The new platform, Maintenance Excellence, uses what the company describes as “Agentic AI” to combine data from telematics devices, vehicle manufacturers’ systems and external platforms to monitor vehicle health, identify potential maintenance issues and coordinate maintenance activities.
According to Targa Telematics, the system can detect early signs of vehicle wear or faults, schedule maintenance appointments and automate administrative tasks such as stakeholder notifications, workflow management and approvals.
The company said the platform has been developed to address the increasing complexity of fleet maintenance, where operators often need to coordinate activity between workshops, parts suppliers, logistics providers, manufacturers and other service partners.

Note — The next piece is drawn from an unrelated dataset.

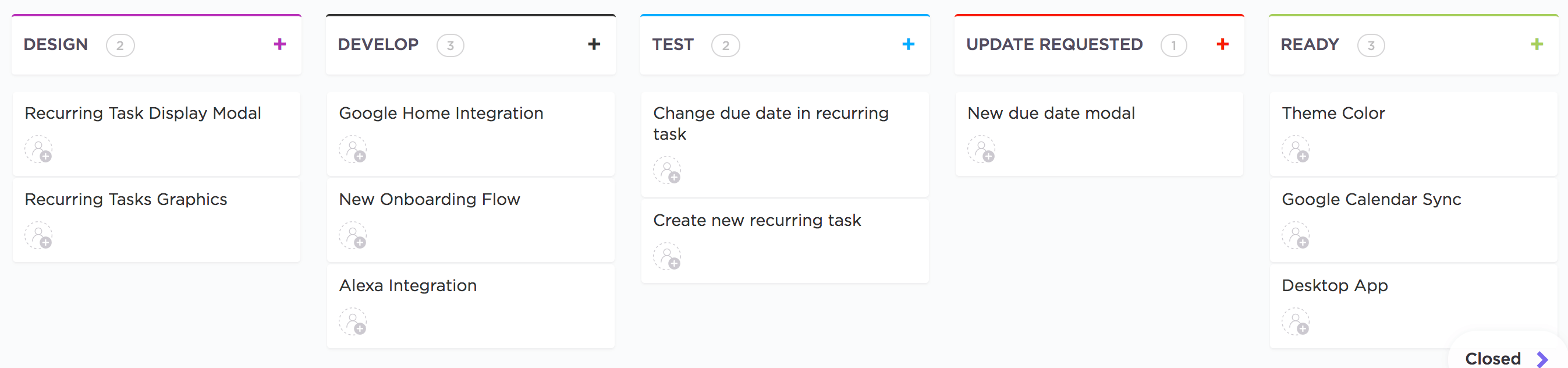 ClickUp custom task statuses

Chris Horbowyj, UK commercial director at Targa Telematics, said: “UK fleet operators are managing increasingly complex maintenance ecosystems while facing continued pressure to maximise vehicle availability and control costs.
“With Maintenance Excellence, we are delivering an Agentic AI-powered solution that enables organisations to move beyond reactive maintenance and manual coordination to intelligent, autonomous management of the entire maintenance lifecycle. The result is greater operational efficiency, reduced downtime and smarter decision-making across the fleet.”
Targa cited research carried out in Italy among more than 120 mobility operators, which found that 69% believed integrated vehicle data management would improve the accuracy of information relating to vehicle downtime, while 66% said better coordination of maintenance information could help reduce vehicle inactivity.
The company also said data from its Targa Telematics Observatory suggests that applying AI to fleet maintenance could reduce maintenance costs by up to 30% and cut vehicle downtime by 13%.